La promesa del gobierno es arreglar las carreteras, apoyar la producción, ejecutar programas de salud, educación, seguridad... Ni los organismos internacionales ni las ONG avalaron este retorno por falta de garantías. Se limitaron a acompañar a los campesinos. El cura Francesco Bortignon, un italiano que trabaja en los barrios marginales de Cúcuta, donde viven muchos de los más de 8000 desplazados que ha dejado cuatro años de violencia en el Catatumbo, lo ve distinto. “Aun con limitaciones hay que avalar el retorno. Hay que presionar al gobierno a cumplir sus obligaciones para hacer sostenible este proceso, y a las fuerzas en conflicto dejarles claro que la justicia y paz no se hace sobre cadáveres.” Asegura que sólo un 30 por ciento de la población de estos barrios pobres trabaja: en ventas callejeras o como jornaleros en Venezuela. “Con la crisis en todos los frentes aprenden a vivir sin comer.” La ciudad no los protege del terror: “Toda Cúcuta vive una dosis de miedo”, dice el sacerdote. En unos días los paras asesinaron a cuatro personas en esta capital departamental: dos estudiantes, un maestro y un líder de izquierdas aspirante a la gobernación. Viveros y cultivos de coca se asoman por los caminos que unen las aldeas, en medio del tradicional frijol, cacao, café y yuca. Caminos tan maltrechos que resulta imposible viajar a más de 10 kilómetros por hora.
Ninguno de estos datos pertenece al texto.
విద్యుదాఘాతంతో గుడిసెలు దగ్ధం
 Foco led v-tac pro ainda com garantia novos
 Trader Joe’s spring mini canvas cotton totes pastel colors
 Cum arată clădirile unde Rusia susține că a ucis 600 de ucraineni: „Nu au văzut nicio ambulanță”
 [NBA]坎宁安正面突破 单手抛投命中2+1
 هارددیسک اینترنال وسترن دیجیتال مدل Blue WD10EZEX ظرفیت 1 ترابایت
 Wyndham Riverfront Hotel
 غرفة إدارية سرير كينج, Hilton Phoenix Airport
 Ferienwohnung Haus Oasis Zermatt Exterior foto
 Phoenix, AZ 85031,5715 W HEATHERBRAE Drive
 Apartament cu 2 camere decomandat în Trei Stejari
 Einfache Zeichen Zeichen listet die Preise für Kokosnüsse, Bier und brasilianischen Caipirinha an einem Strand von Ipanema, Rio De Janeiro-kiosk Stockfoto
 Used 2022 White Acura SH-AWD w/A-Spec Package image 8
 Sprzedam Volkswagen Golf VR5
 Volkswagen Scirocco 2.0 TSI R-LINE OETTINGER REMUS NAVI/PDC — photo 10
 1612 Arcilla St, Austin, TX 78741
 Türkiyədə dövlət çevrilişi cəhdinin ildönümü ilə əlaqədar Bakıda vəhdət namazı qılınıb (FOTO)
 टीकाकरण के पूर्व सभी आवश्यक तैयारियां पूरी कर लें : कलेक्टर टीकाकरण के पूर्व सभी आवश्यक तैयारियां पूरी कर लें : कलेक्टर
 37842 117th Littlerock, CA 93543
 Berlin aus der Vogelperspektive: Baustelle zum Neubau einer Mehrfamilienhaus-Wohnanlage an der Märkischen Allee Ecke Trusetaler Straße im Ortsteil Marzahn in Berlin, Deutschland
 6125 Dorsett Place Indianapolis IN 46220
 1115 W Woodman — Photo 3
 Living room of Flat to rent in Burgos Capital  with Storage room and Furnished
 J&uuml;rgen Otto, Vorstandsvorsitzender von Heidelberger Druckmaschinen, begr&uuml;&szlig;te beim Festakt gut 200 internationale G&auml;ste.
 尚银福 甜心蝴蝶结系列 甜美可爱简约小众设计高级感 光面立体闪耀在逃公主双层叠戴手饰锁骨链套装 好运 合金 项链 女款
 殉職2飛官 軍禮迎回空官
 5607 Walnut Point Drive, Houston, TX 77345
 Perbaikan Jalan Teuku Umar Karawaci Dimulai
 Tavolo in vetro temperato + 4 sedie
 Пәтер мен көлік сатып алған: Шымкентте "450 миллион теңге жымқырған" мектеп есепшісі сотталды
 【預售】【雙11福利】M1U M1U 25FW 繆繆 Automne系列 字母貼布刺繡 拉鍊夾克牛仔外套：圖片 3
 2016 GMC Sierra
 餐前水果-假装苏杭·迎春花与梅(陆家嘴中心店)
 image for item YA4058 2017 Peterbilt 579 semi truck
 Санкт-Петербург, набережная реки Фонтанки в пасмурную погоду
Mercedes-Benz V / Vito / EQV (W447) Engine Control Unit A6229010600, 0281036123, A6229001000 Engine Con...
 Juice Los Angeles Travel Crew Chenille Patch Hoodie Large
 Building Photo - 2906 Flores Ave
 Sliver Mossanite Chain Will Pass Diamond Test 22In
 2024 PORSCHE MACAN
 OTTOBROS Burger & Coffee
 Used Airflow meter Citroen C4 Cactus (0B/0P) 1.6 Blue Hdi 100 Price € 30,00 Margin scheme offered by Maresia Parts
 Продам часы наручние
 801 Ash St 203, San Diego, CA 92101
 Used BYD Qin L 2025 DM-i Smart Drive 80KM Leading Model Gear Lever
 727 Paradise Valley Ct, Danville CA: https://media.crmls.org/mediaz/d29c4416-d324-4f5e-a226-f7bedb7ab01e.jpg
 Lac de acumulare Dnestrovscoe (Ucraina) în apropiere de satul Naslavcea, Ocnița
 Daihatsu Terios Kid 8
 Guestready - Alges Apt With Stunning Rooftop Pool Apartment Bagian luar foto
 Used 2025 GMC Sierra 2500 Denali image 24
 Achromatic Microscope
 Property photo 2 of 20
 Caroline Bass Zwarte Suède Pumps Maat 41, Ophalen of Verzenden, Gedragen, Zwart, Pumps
“La coca nos puede volver a desplazar”, fue otro pensamiento que atormentó a muchos campesinos durante el viaje de retorno a sus tierras que duró dos jornadas. “La avaricia le está ganando a la razón –dice con un deje de desconsuelo el padre Belisario, un sacerdote empeñado en impedir que la coca, con todo su legado de muerte y desorden, se apodere de San Pablo, un pequeño caserío anidado entre las montañas del Catatumbo–. Los que luchan porque el cultivo no se expanda reconocen que sembradas las primeras matas es muy difícil de parar. El campesino que se niega a sembrar termina haciéndolo para emparejar el nivel de vida, pues el primer efecto de la coca es que dispara el costo de vida.” El padre Belisario no desiste en su empeño: tiene organizados a más de 400 campesinos para que la zona sea cobijada con proyectos de sustitución de cultivos. Lo desaniman las respuestas oficiales. Le piden, por ejemplo, que envíe proyectos por internet y en el caserío no tiene teléfono. La guerrilla voló una antena y no ha sido posible repararla pues el lugar está minado. “La coca le ha hecho mucho daño al Catatumbo”, dice este hombre, que combina su labor pastoral con la pedagógica. La coca también preocupa a los campesinos que no se unieron al retorno. “Eso no es lo nuestro”, dicen. Permanecen en Cúcuta y Ocaña, rebuscando aquí y allá, para pagar un alquiler y aprendiendo a vencer al miedo.
“Mi hija se lisió del mal del susto”, cuenta una mujer. Los paras se llevaron un día a su marido, atado de pies y manos. Jamás volvió a saber de él. Hoy vive en una pieza en un barrio marginal de Ocaña. En una cama estrecha duerme con sus cinco hijos; en cajas de cartón, marcadas, ordena la ropa de cada uno. A pesar del calor sólo tiene agua en la noche. Su sueño es organizar un proyecto que les dé a las viudas para mantener a sus hijos. Por ahora colabora en la olla comunitaria que, con apoyo de ONG locales y ayuda internacional, atiende todos los días a 387 familias. Al lado del fogón donde hierve sopa en dos gigantes ollas, en este comedor construido en lo alto de una loma donde se ve esta población dominada por los paramilitares, varios desplazados contaron sus cuitas: “Nos falta valor civil para decirle a los armados la verdad en la cara, decirles que no queremos la presencia de ninguno de ellos en nuestras tierras”. Y tienen algo muy claro: “El gobierno nos ha tenido abandonados; si la región hubiera tenido oportunidades no habría tanto dolor hoy en el Catatumbo”.
* De El País de Madrid. Especial para Página/12.